# moving again...(insert foul language here)



## grogan (Jan 23, 2011)

Yup, its happening again. This time my current land lord has decided that due to his 100+ plus house plants dying we deserve being evicted. When the roommate and I moved in we were left with tons of plants. The master bedroom had plants to the ceiling and racks upon racks! Long story short it has been a total nightmare and he is evicting us. It would be an easy case to fight in courts but we are both just ready to get our deposits and bail. 
(aquatic plants rock...land plants are lame)

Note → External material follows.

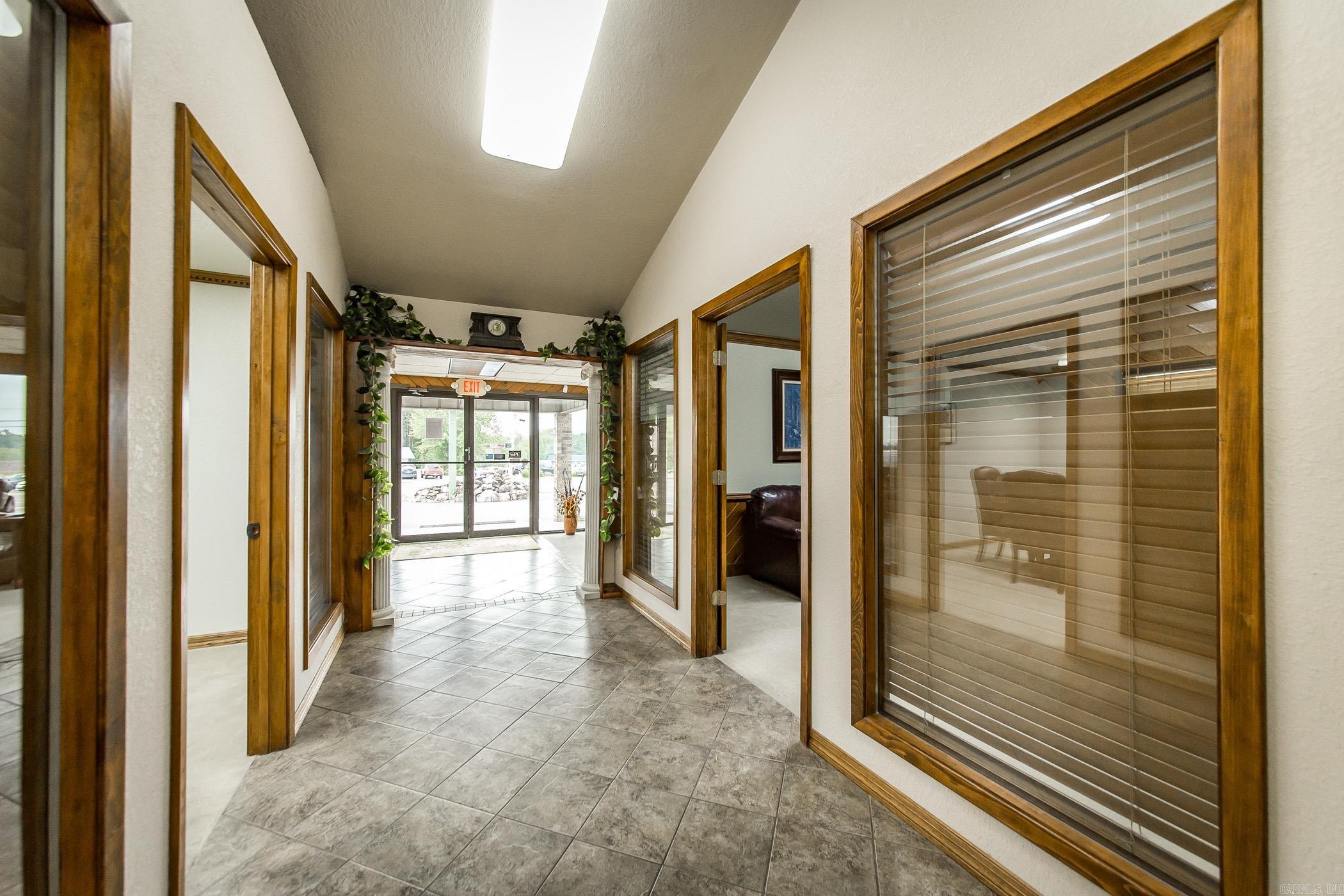 Mockingbird Village - Commercial Sale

The crappy part is now I have to tear down all six of our tanks. My two planted tanks are at their peaks right now will be destroyed in the move. I might be able to move the 60p ADA without uprooting everything but with no frame I worry about stressing the seams during the drive. The 56 absolutely will be tore down. It has around 200lbs of eco complete and 100lbs of rocks. Their will be no moving that monster. 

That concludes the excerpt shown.